Dreamgineering was in an exhibition about Entrepreneur Creation in Royal Coin Cabinet yesterday!
The exhibition takes a new approach on entrepreneurship and how entrepreneurs are involved in changing and affecting our lives. We can meet creative people and entrepreneurs from 400 years to today in the exhibition. Some cases really inspired us by their success, setbacks, endless perseverance and sense of timing.
Here are some interesting points in the exhibition:
Try to have two strings on the bow
Many entrepreneurs just come up with a new idea and they stick with it throughout their entire career. It’s lot more easily for them to fail since they put all the eggs in one basket. Try to be the ones who keep coming up with new thoughts, starting multiple businesses or buying up existing companies. These people are known as serial entrepreneurs.
Cutting-edge Ideas & Timing
The particular time when a new idea is launched is decisive to its success. (I can’t agree with the saying “timing is everything” more, especially after the assignment Idea Screening.) Owing to the fact that the ideas are often at the forefront, and this means that those ideas sometimes challenge laws and take substantial risk. But if ones can conquer the difficulties after several attempts and make it economically viable, it’s most likely for them to be very successful.
Intrapreneurship
Intrapreneurs are the employees in the company who work with creative projects of their choice as part of their job. They are just like the entrepreneurs in the organizations. Sometimes it’s a good thing to have an intrapreneurship in a company since they can profit the company. But sometimes the Intrapreneurs will start their own business and leave the original company. A classic case for intrapreneurship is that the founders of Adobe, Charles Geschke and John Warnock were employees of Xerox before.
It was good to meet a lot of entrepreneurs throughout the history and know different perspectives of entrepreneurship.
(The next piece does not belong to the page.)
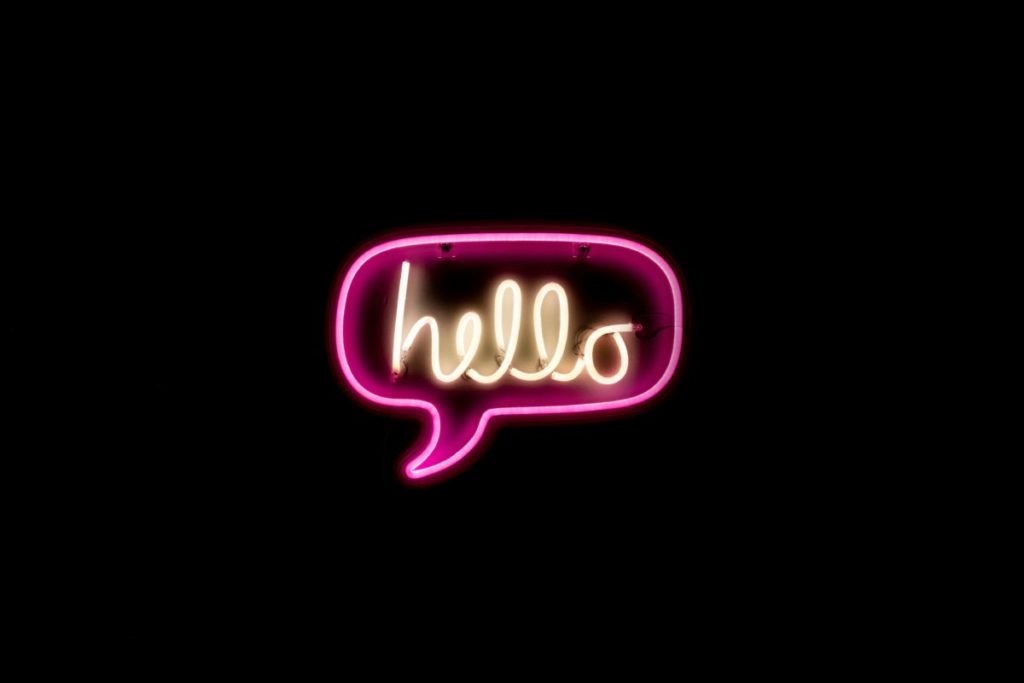 Neon speech bubble saying 'hello'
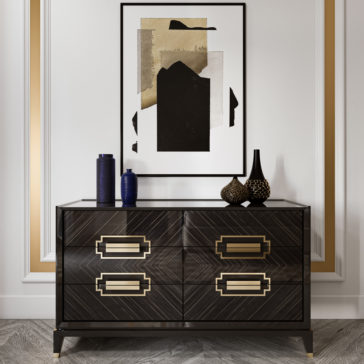 High End Veneer Chest Of Drawers A modern interior showcases a High End Veneer Chest Of Drawers adorned with gold accents. This piece is crowned with blue and black decorative vases and orbs. Hanging above it is an abstract black and gold art piece. The room's white walls are enhanced with intricate gold and white trim detailing.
All in all, nothing is easy, but everything is possible! In every case, key words are innovation, collaboration, creativity and curiosity.
Find more in Peter’s post!
#Dreamgineering
Cool! I will certainly visit this exhibition during these months, I’ll try to bring some of the team skapa with me 😉
hmm, interesting thing there about the intrapreneur! If I ever become an entrepreneur, I think that’s how it will happen for me haha! But when I read that sentence, I inststantly started to think about Serdar’s first lecture about people coming up with various excuses of NOT becoming an entrepreneur, e.g. “I’m too old”. While many startups are created by young people, many are also done by “older” ones (average age 40 I think? 40 is nothing. 40 is the new 30.) The good thing about being too “old” is that you have already established many valuable connections and business insights young people do not have. So as long as you still have that naivety and curiousness and optimism, as well as the willingness to start living a little more uncertainly, once you get to yours 30s or 40s, it is actually a better time to do startups.